While the Philippines enjoys near universal 4G coverage at 99 percent and promising 5G penetration at 70 percent, its mobile broadband speed lags behind Southeast Asian leaders. In an Ookla report in August 2023, the Philippines has average fixed broadband upload and download speeds of 6.21 megabits per second (Mbps) and 25.47 Mbps, respectively compared to Singapore with 81.41 Mbps download speed.

There is a glaring problem on affordability.
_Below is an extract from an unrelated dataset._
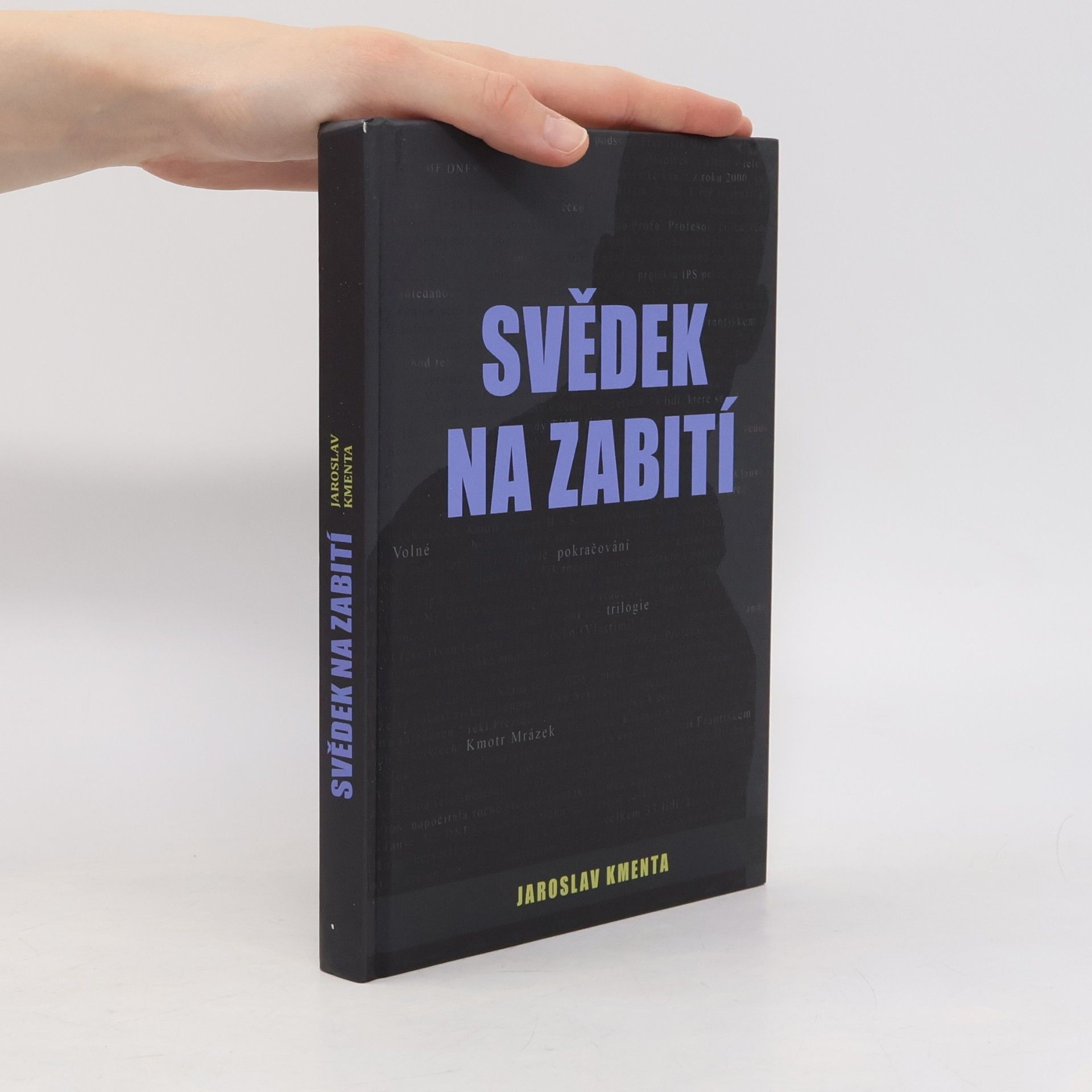 Jaroslav Kmenta Svědek na zabití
According to the 2022 Global System for Mobile Communications Mobile Association (GSMA) Connectivity Index, the Philippines ranks third lowest in terms of mobile data affordability, scoring a mere 47.01 out of 100. This acts as a challenging barrier to more widespread internet adoption although the country fares better in other key factors such as infrastructure and consumer readiness.
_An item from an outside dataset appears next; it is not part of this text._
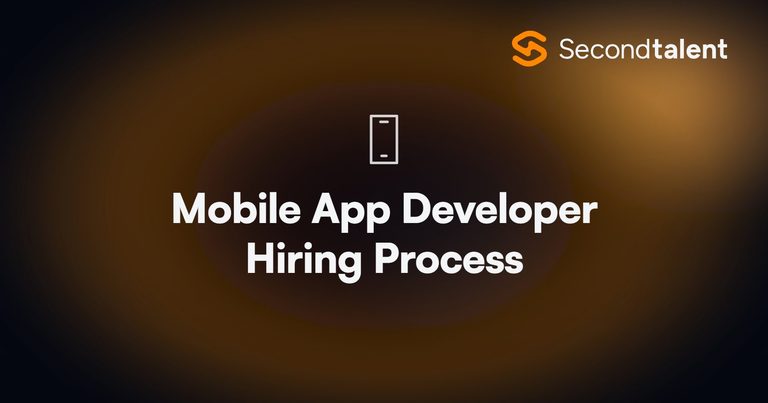 The mobile app developer hiring process for 2026, by Second Talent.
“Access and internet speed fall sharply in rural regions, leaving many communities disconnected from the online world’s opportunities,” the authors added. Regions with lower development and urbanization, like Region VIII and Bangsamoro Autonomous Region in Muslim Mindanao (BARMM), have much slower internet speeds. For example, Region VIII’s fastest fixed broadband is only around 40 Mbps, while BARMM’s average mobile download speed is barely 10 Mbps.

To address this disparity, the authors suggest lowering device and data costs and improving network speeds. Online content should also be tailored to local needs. They emphasize the crucial role of comprehensive surveys like the National Information Communication and Technology (ICT) Household Survey which can capture the state of internet access in the country. “Better data and insights can guide the government towards targeted solutions,” they explain.

The authors acknowledge the government’s commitment to bridging these gaps. Initiatives like the National Broadband Plan, and recent reforms like the entry of a third telco and satellite service liberalization are promising steps towards achieving universal broadband access. The design of flagship programs like the Free Wi-Fi for All (FWFA) should be revisited to ensure effectiveness, while exploring alternative mechanisms for underserved communities.

“It is important to foster partnerships among government, private sector, and civil society through comprehensive sharing agreements and robust monitoring and evaluation frameworks,” the authors said. Program and policy implementation must be strengthened through better monitoring and evaluation.

Transparency and collaboration were also key recommendations together with establishing a national broadband map like the US model for tracking progress and identifying coverage gaps.

Finally, addressing the lack of electricity in certain areas is also a critical prerequisite for utilizing ICT and deploying fixed broadband networks. The authors suggest that deploying networks using electric poles can be a more cost-effective solution compared to building underground fiber optic lines.